*** EXERCISE DATA Section Begins ***

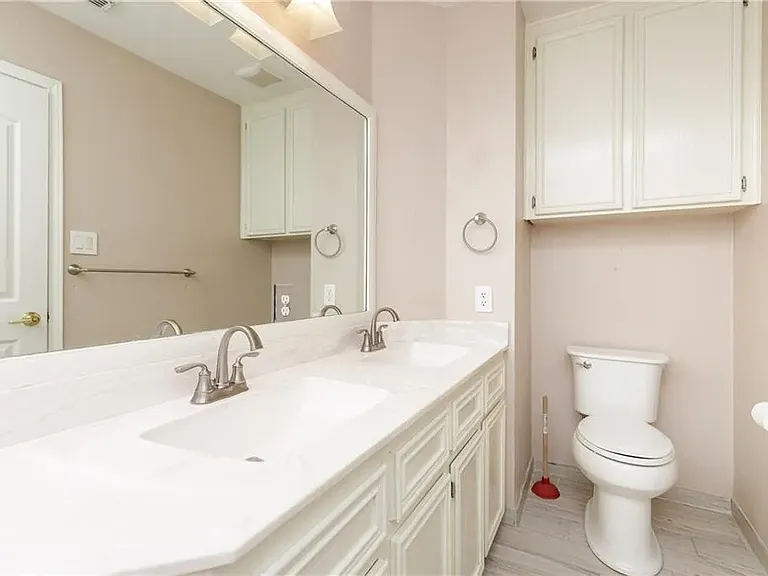 14882 Highland Mist Dr — Photo 32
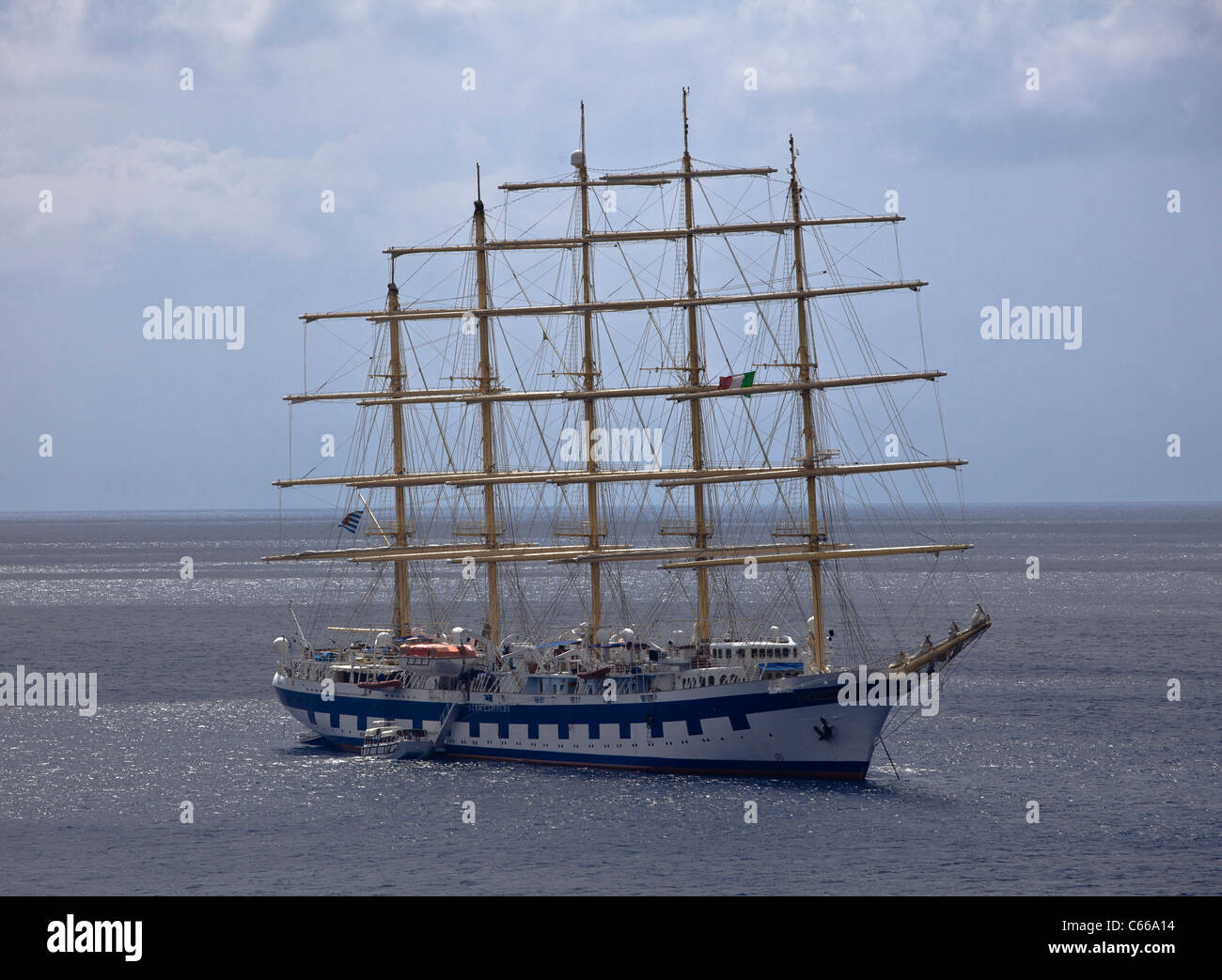 Alte Schiff (Segelboot) in der Lipari bay in Sizilien (Äolischen Inseln, Italien), Mittelmeer, Europa, EU. Stockfoto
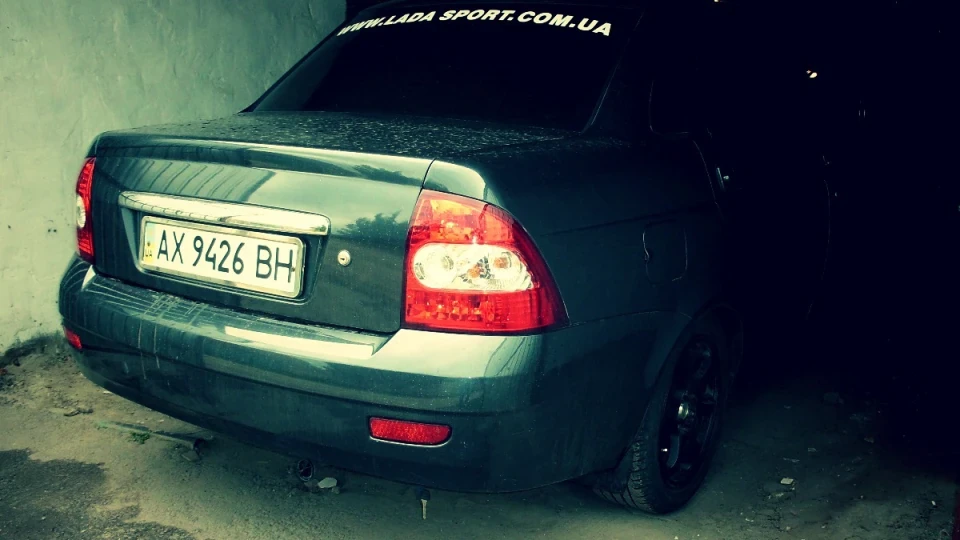Lada Пріора Седан ПоНтОрЕзКу 5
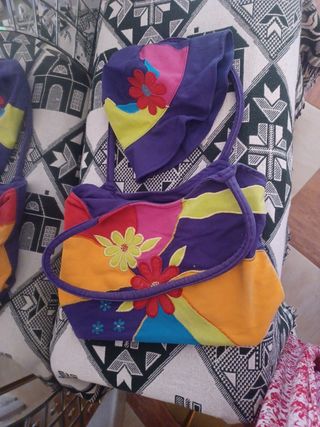 Bolso playero y gorro a juego multicolor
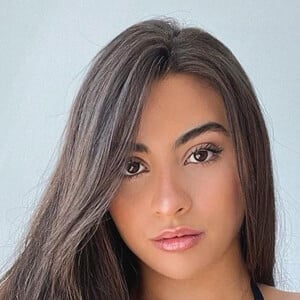 Maria Arzola, 27 (Instagram Star)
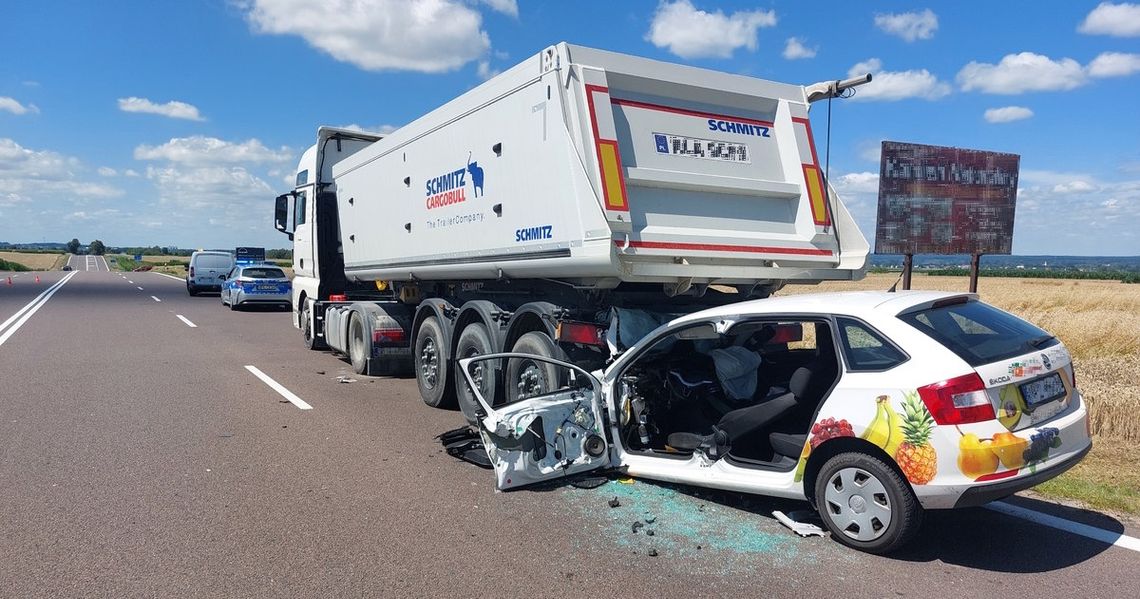 Kierowca skody uwięziony w pojeździe po zderzeniu z manem. Nie zauważył ciężarówki na awaryjnych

*** EXERCISE DATA Section Ends ***

EXERCISE DETAILS:
Retype the lines exactly as they appear, beginning with the line that contains "Lada Пріора Седан ПоНтОрЕзКу 5" and ending with the final line of the entries, and omit the pictures.

FINISHED EXERCISE:
Lada Пріора Седан ПоНтОрЕзКу 5
 Bolso playero y gorro a juego multicolor
 Maria Arzola, 27 (Instagram Star)
 Kierowca skody uwięziony w pojeździe po zderzeniu z manem. Nie zauważył ciężarówki na awaryjnych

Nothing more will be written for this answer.